Ela balançou a cabeça.
— "Não tão perto. Mas ouvi histórias. Névoa viva. Criaturas que se movem dentro dela. Algumas caçam. Outras... sussurram."
Do outro lado da fogueira, Nyra abriu os olhos.
— "A névoa tem vozes hoje."
— "Você tá brincando, né?" — disse Théo, tenso, apertando uma pedra entre os dedos como se fosse um amuleto de proteção. — "Por favor, diz que tá brincando."
— "Não," ela respondeu, séria. — "Mas não são para nós. Ainda não."
Erian fechou os olhos por um instante, tentando focar. As runas da pedra de Sareth ardiam contra sua pele. Algo estava se aproximando. Algo antigo. E a cada noite, os sussurros aumentavam.
Ele sabia que em breve teria que contar tudo. Os sonhos. As visões. As mensagens que a pedra trazia. Mas não ali. Não naquela noite.
Por enquanto, precisavam apenas sobreviver a ela.

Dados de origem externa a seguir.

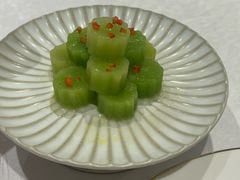 -红棉中餐厅·广州海航威斯汀酒店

O fogo crepitou mais alto, lançando sombras dançantes nas árvores. Erit permaneceu de guarda, Nyra se afastou para sentar-se de costas para uma pedra, os olhos abertos como sentinela.
Théo se encolheu no canto mais iluminado, cochichando um pedido de proteção a qualquer entidade bondosa que estivesse ouvindo.
E Erian… encarou a escuridão.
A pedra pulsava.
O destino se aproximava.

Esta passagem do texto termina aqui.